Within fifteen minutes I was being eyed by the odd man out ( in this group there was one other woman who was about to test for her black belt. And soon found my self practicing with every one else. During a technique my partner just plump let me go and bingo, Ukemi. No hesitation, no worry, no broken bones. Never had a problem after that. Break falling was great fun when we got to it.
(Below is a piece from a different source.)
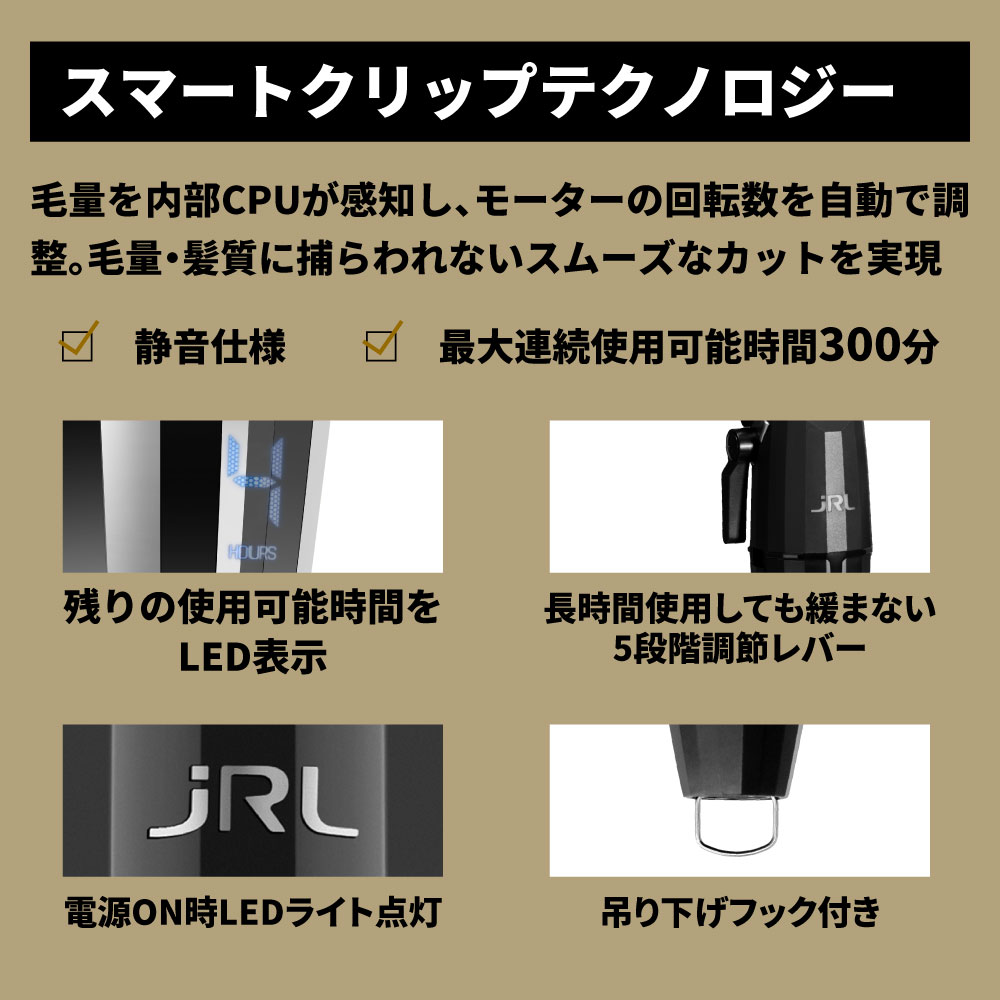 JRL ONYX FF2020C-B バリカン - トリコインダストリーズ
Try break falling with someone who is about two feet taller then you :D

As always,
Ellie

Dajo251 02-22-2006 08:45 PM

Re: Ukemi's a little ruff
 
I felt the need to share...My ukemi tonight felt the best it has felt since I have been back....we were doing and iriminage variation and I was rolling with the greatest of ease, I owe alot to my partners who were throwing me very well and not treating me like a beginner like some fo the students seem to

Alec Corper 02-23-2006 03:21 AM

Re: Ukemi's a little ruff
 
No disrespect intended, but sometimes I think we forget that ukemi is about receiving your partners technique (energy) and handling that in an appropriate way. Learning to roll and take breakfalls is one obvious manifestation of that but it has developed a life of its own in Aikido unlike in any other Budo. Of course good ukemi is very nice to see, especially if tori is high ranked, it allows for faster, more vigorous techniques, good PR for Aikido effectiveness. BUT,,,,,
I wonder what uke is learning about the real reason (technically) for receiving tori's energy and technique, which is the possibility of reversal, of kaeshi waza. Mostly we get little opportunity to explore this dimension of Aikido without descending into competition fighting.
By the way before anyone jumps on me I don't mean that competitive practice is a descent, but that within Aikido, due to lack of practice, it usually is. If you can find the right partners, half speed, but committed, attacks can be explored in which the role of uke is not fixed. Both of you are trying to feel the other's intent, balance, suki, etc. Sometimes this leads to a fall, sometimes not, sometimes it would lead to groundwork, sometimes uke would become tori even after taking the fall.
IMHO always thinking about ukemi as falling breeds the wrong mindset for continuous development of Aikido as Budo.